Renard was brought to Halifax, Nova Scotia and commissioned there on 27 May 1940 with the pennant number S13, which was later altered to Z13, keeping her name. The vessel then went to Quebec City, Quebec where she was converted into an armed yacht, having a 12-pounder naval gun placed forward, an ASDIC set installed and armed with depth charges. This took until December 1940, when the ship returned to Halifax and was assigned to the Halifax Local Defence Force. In 1941, Renard was tender to HMCS Stadacona and in 1942 was fitted with high-speed target towing gear.
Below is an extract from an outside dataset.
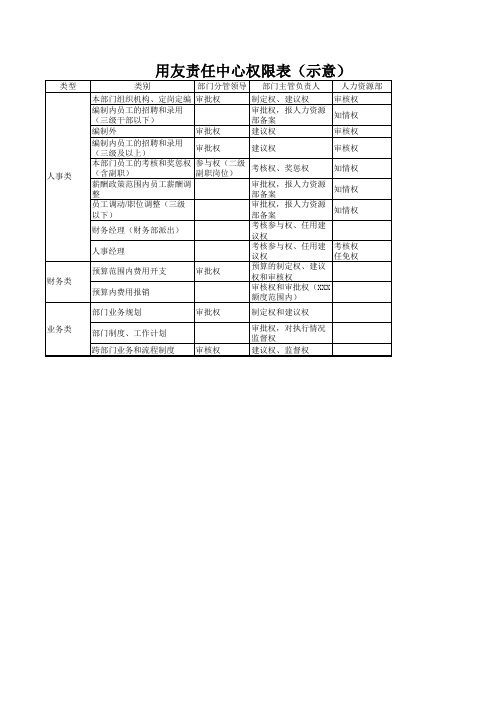 新华信正略钧策组织结构设计模版zhoupengcheng.xls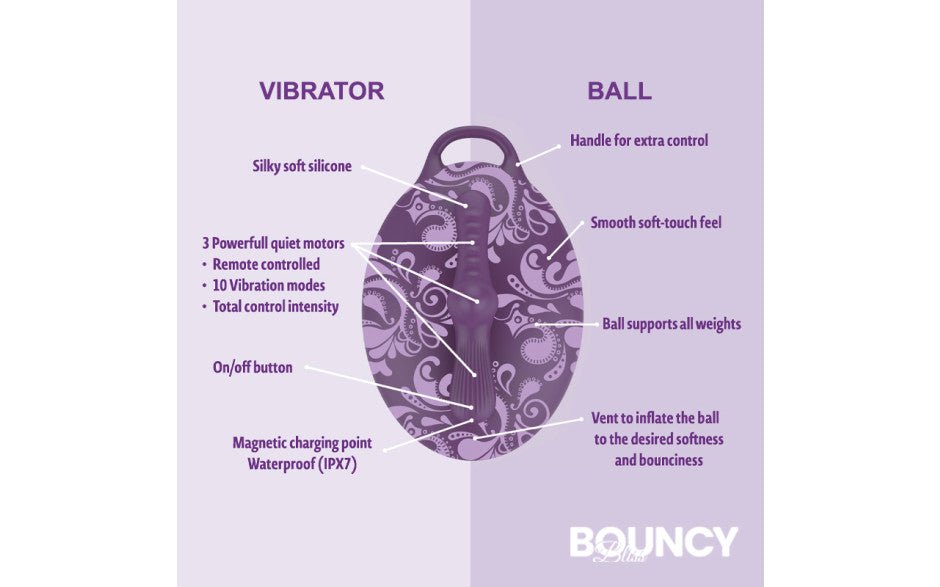 Bouncy Bliss Flow Inflatable Sit - On Massager - Adult Toys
Renard remained with this unit until April 1942 when the ship was taken in hand for a refit, this lasting until July. Upon completion, she was attached to as a torpedo training ship and two 21 in torpedo tubes were installed aft. In July 1943 the training group moved to Digby, Nova Scotia. However, by November Renard was back at Halifax. In 1944, Renard was surveyed and was found not worth repairing and was paid off on 1 August. The vessel was put up for disposal on 15 November 1945 and sold to W.N. MacDonald of Sydney, Nova Scotia.

The ship remained at Sydney until 1949, when the yacht was converted to a stationary power plant for a mining development near Mabou, Nova Scotia. Renards turbines were stripped out and replaced with modern generators and her oil burning units were replaced with pulverized coal burning equipment. The ship was derelict at Sydney, Nova Scotia in 1955.